La inquietud de Sylvie aumentó al darse cuenta de que pasaban ante un cuerpo de guardia, y luego de otro, después de haber cruzado un puente de madera. Una campana sonó cinco veces, se oyeron voces de mando, y cuando por fin se abrió la portezuela y bajaron el estribo del coche, al apearse tuvo la sensación de estar en el fondo de un pozo formado por edificios negruzcos y gruesas torres redondas con troneras en las que aparecían bocas de cañón. ¡La Bastilla! ¡La habían hecho recorrer todo aquel camino para llevarla a la Bastilla, que estaba sólo a unos pasos de la Visitation!

Chavigny le dio tiempo a apreciar la sorpresa que le había reservado, y tal vez esperaba gritos, lágrimas o protestas, pero Sylvie había sufrido demasiados golpes del destino para no preocuparse ante todo por su orgullo y su propia dignidad. Posó sobre su acompañante una mirada gélida.

— ¿Es aquí donde me espera Su Eminencia?

— No. Le veréis más tarde, tal vez.

— Entonces ¿por qué esta comedia?

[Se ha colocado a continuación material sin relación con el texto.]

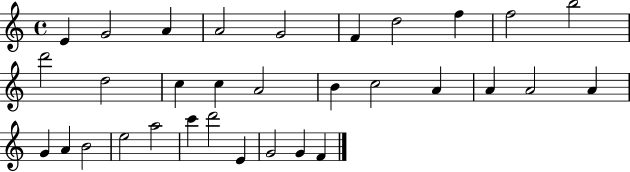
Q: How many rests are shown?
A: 0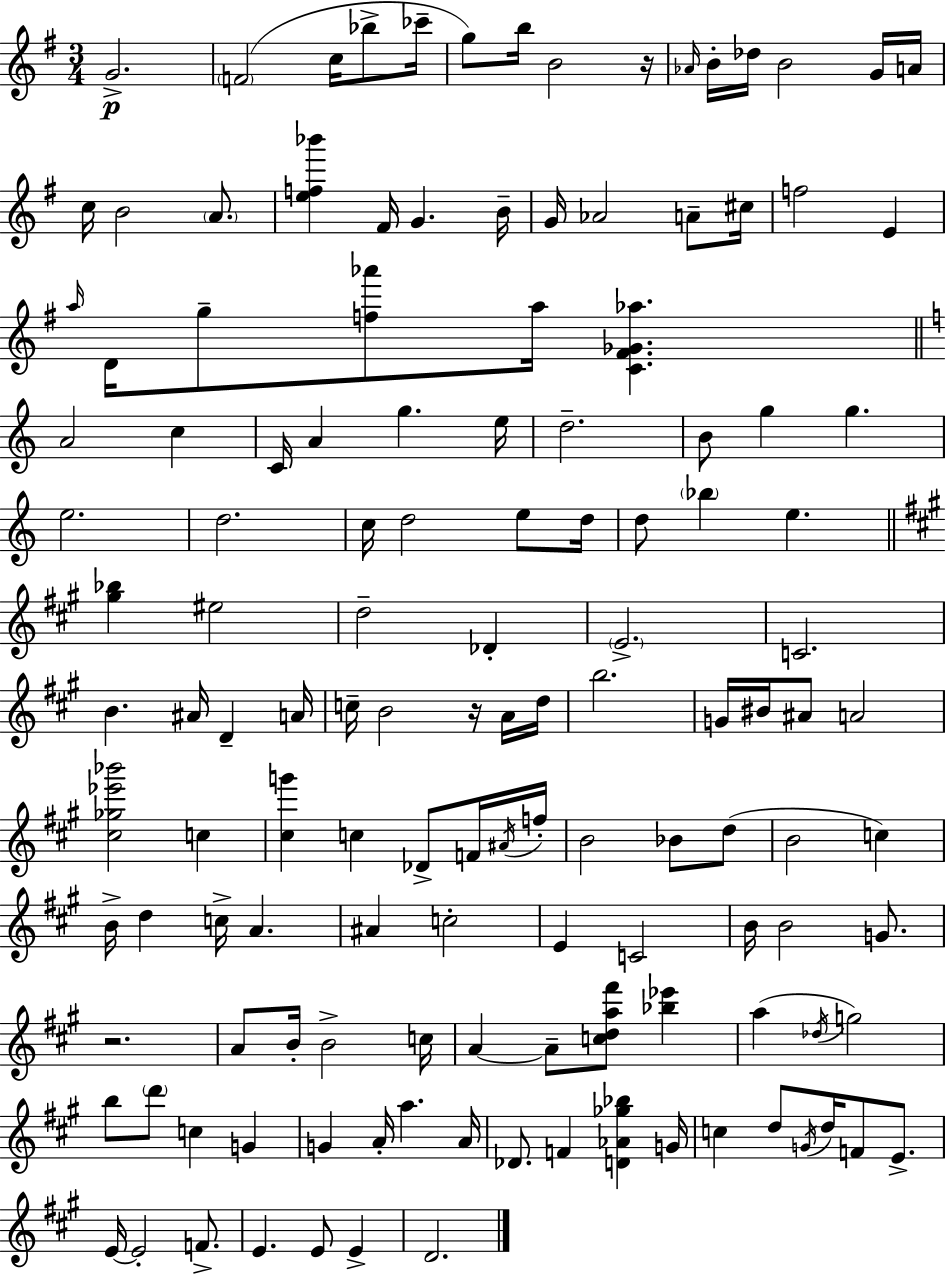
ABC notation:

X:1
T:Untitled
M:3/4
L:1/4
K:Em
G2 F2 c/4 _b/2 _c'/4 g/2 b/4 B2 z/4 _A/4 B/4 _d/4 B2 G/4 A/4 c/4 B2 A/2 [ef_b'] ^F/4 G B/4 G/4 _A2 A/2 ^c/4 f2 E a/4 D/4 g/2 [f_a']/2 a/4 [C^F_G_a] A2 c C/4 A g e/4 d2 B/2 g g e2 d2 c/4 d2 e/2 d/4 d/2 _b e [^g_b] ^e2 d2 _D E2 C2 B ^A/4 D A/4 c/4 B2 z/4 A/4 d/4 b2 G/4 ^B/4 ^A/2 A2 [^c_g_e'_b']2 c [^cg'] c _D/2 F/4 ^A/4 f/4 B2 _B/2 d/2 B2 c B/4 d c/4 A ^A c2 E C2 B/4 B2 G/2 z2 A/2 B/4 B2 c/4 A A/2 [cda^f']/2 [_b_e'] a _d/4 g2 b/2 d'/2 c G G A/4 a A/4 _D/2 F [D_A_g_b] G/4 c d/2 G/4 d/4 F/2 E/2 E/4 E2 F/2 E E/2 E D2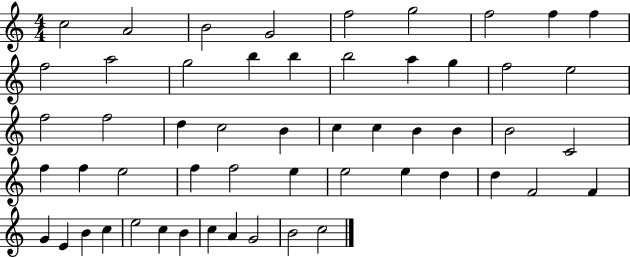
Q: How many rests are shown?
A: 0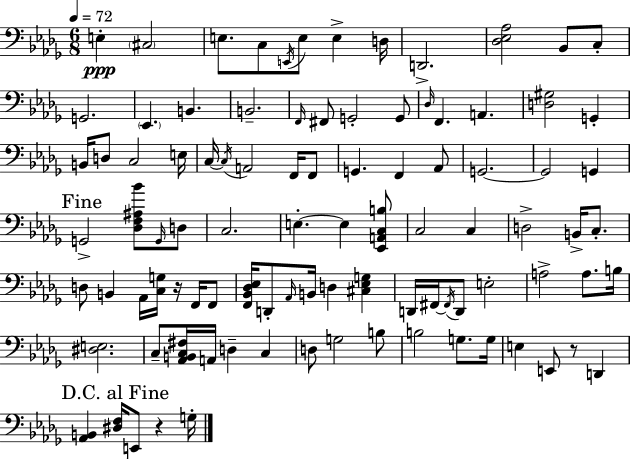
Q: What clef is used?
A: bass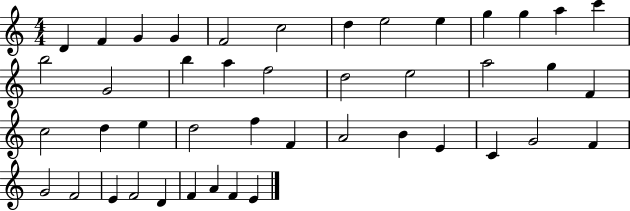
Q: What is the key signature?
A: C major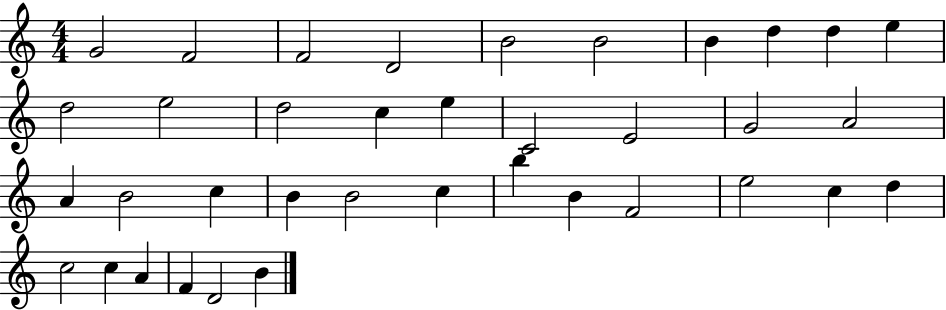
X:1
T:Untitled
M:4/4
L:1/4
K:C
G2 F2 F2 D2 B2 B2 B d d e d2 e2 d2 c e C2 E2 G2 A2 A B2 c B B2 c b B F2 e2 c d c2 c A F D2 B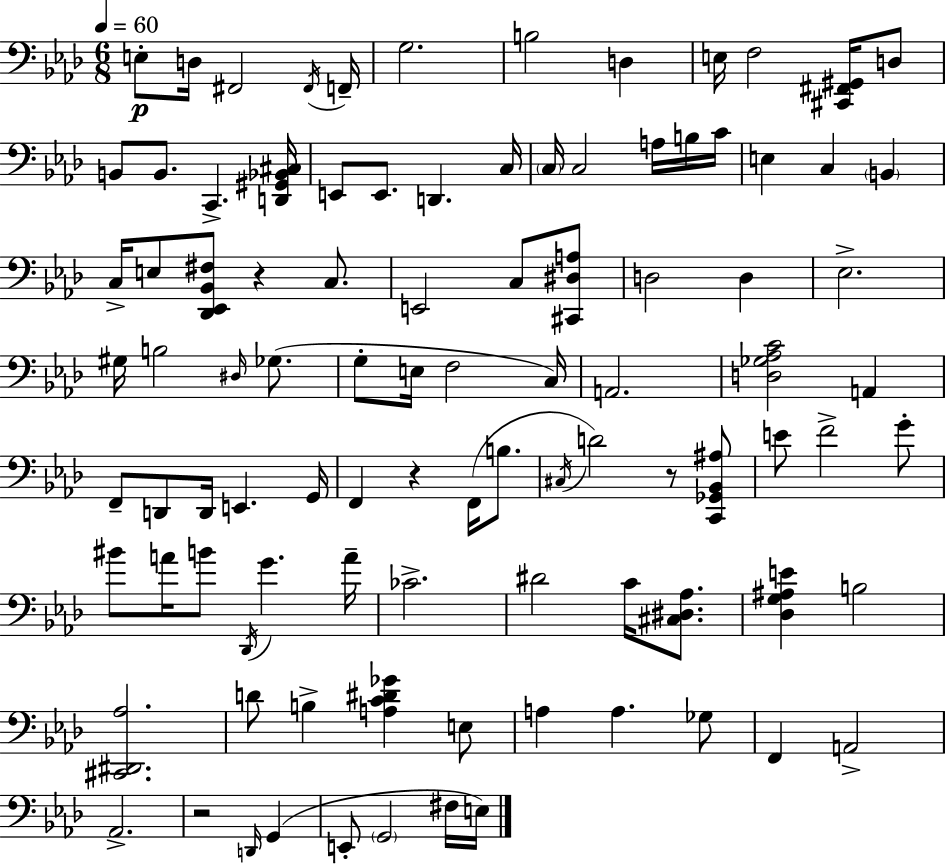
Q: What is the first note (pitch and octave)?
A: E3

Porque lo es, ¿no es así? Madame de Maupeou nunca habría consentido en dejarme salir si hubiese sabido adonde me llevabais.

— En efecto, pero se da el caso de que el servicio del cardenal, como el del Estado, que es la misma cosa, exige el empleo de la mentira.

Sylvie se permitió el lujo de alzar una ceja con insolencia.

— ¿El cardenal y el Estado son la misma cosa? ¿Dónde dejáis al rey, señor?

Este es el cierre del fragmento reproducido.